Ich empfinde es als ungerecht, dass unternehmerisches Engagement in der Einbürgerungspraxis zum Nachteil wird.
Wie steht Ihre Partei dazu? Gibt es Überlegungen, das Verfahren für Selbstständige fairer zu gestalten? Und können Sie mir einen Weg aufzeigen, wie ich jetzt weiter vorgehen kann?
Vielen Dank im Voraus.

Sehr geehrter Herr S.,
herzlichen Dank für Ihre Zuschrift und Ihren Hinweis auf die Probleme bei der Einbürgerung von Selbstständigen.

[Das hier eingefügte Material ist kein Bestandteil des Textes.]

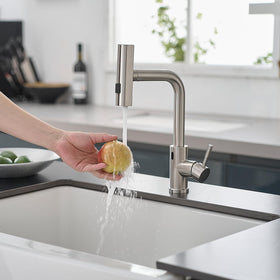 GIMILI hands-free faucet helps reduce cross-contamination during meal prep.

Erst einmal eine grundsätzliche Einschätzung: Weder ALG I noch ein Gründungszuschuss stellen einen Ausschlussgrund von der Einbürgerung dar. Gesetzlich ist bei der Lebensunterhaltssicherung nur festgelegt, dass der Lebensunterhalt ohne Leistungen nach SGB II ("Bürgergeld") oder SGB XII (u.a. "Grundsicherung im Alter") bestritten werden muss. Weder der reguläre SGB I-Bezug noch der Bezug eines Gründungszuschusses bei Existenzgründung während der Zeit des SGB I-Bezugs steht einer Einbürgerung pauschal entgegen.
Es ist aber grundsätzlich immer so, dass die Lebensunterhaltssicherung auch als Prognose für die Zukunft geprüft wird. Es geht dabei darum, dass die lokalen Behörden abschätzen, dass Einbürgerungsbewerber:innen voraussichtlich dauerhaft ihren Lebensunterhalt selbst decken werden und nicht auf Unterstützung durch SGB II oder SGB XII angewiesen sein werden.

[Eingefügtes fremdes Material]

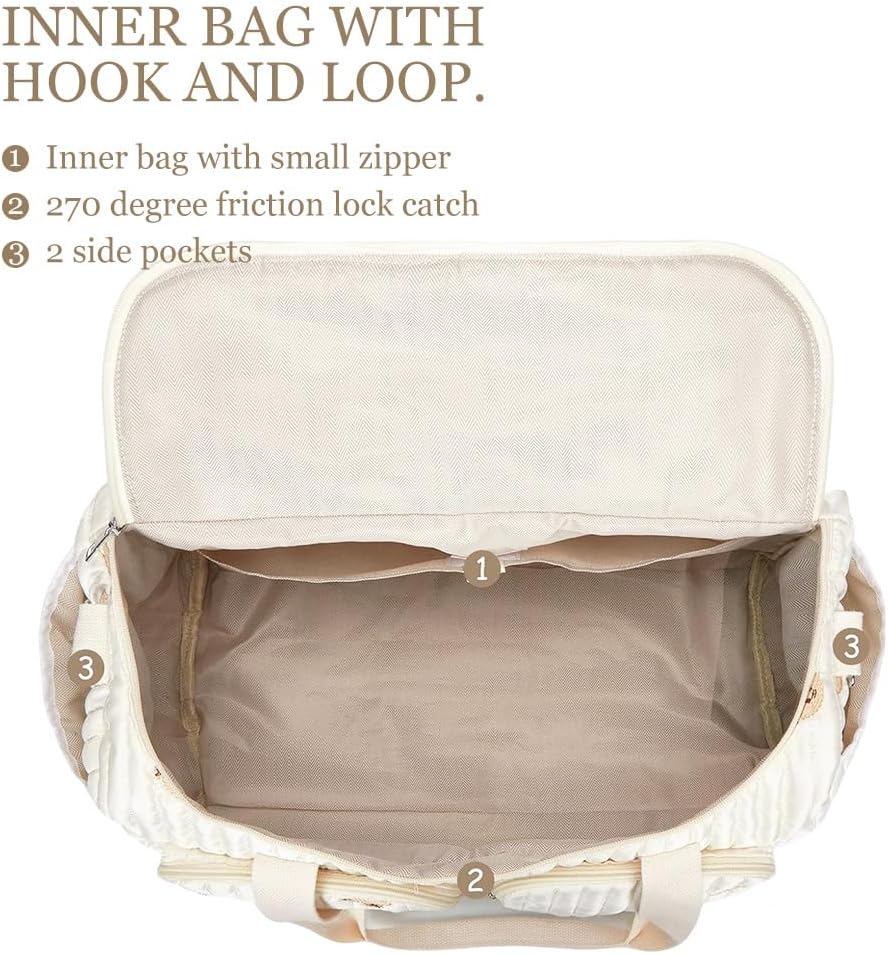 FARYODI Grosse Wickeltaschen Kliniktasche Geburt 48 × 22 × 26 cm, Vielseitige Wickeltasche für Mütte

In dieser Hinsicht sind die grundlegenden Regelungen also für den SGB I-Bezug ebenso wie für den Gründungszuschuss erst einmal gleich. Bei beiden Leistungen ist eine Einbürgerung möglich, bei beiden Leistungen muss die lokale Behörde aber auch die wahrscheinliche Lebensunterhaltssicherung in der Zukunft prüfen. Situationen, in denen die Prognose bei SGB I-Bezug ohne neues Jobangebot positiv ausgefallen wäre, bei dann erfolgter Existenzgründung aber nicht mehr, sind mir nicht bekannt.

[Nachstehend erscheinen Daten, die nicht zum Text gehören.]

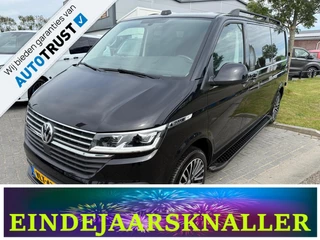 Volkswagen Transporter 2.0 TDI L2H1  DC T6.1 2.0 TDI 204Pk Bulli 4- MOTION  Dubbele Cabine DSG  DIG. COCKPIT ADAPT. CRUISE LED, LEDER, 2x Schuifdeur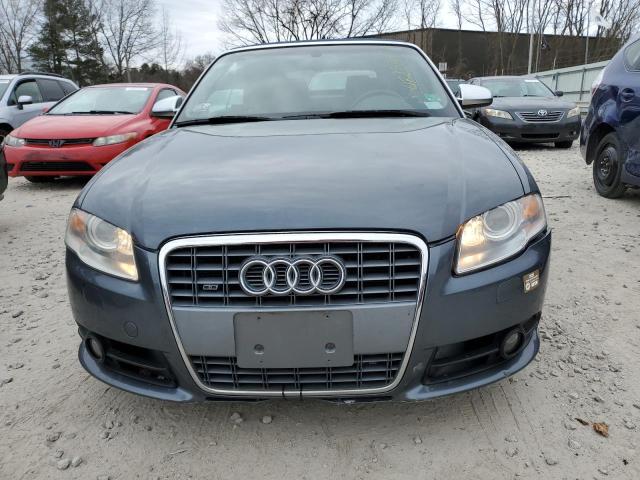 WUARL48H38K900491 - 2008 AUDI S4 QUATTRO CABRIOLET GRAY photo 5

Für Ihre konkrete Situation:
Die Vorlage von zwei Jahressteuerbescheiden zum Nachweis der erfolgreichen und auch für die Zukunft vielversprechenden Selbständigkeit ist zwar vom Bundesinnenministerium empfohlen. Es steht den lokalen Behörden aber frei, wie genau sie die Prognose zur Lebensunterhaltssicherung vornehmen.
In Berlin ist es beispielsweise so, dass für Aufenthaltserlaubnis und Einbürgerungen die Lebensunterhaltssicherung bei Selbständigen dann akzeptiert wird, wenn sie in den letzten sechs Monaten entsprechende Gewinne abgeworfen hat und wahrscheinlich auch weiter abwerfen wird.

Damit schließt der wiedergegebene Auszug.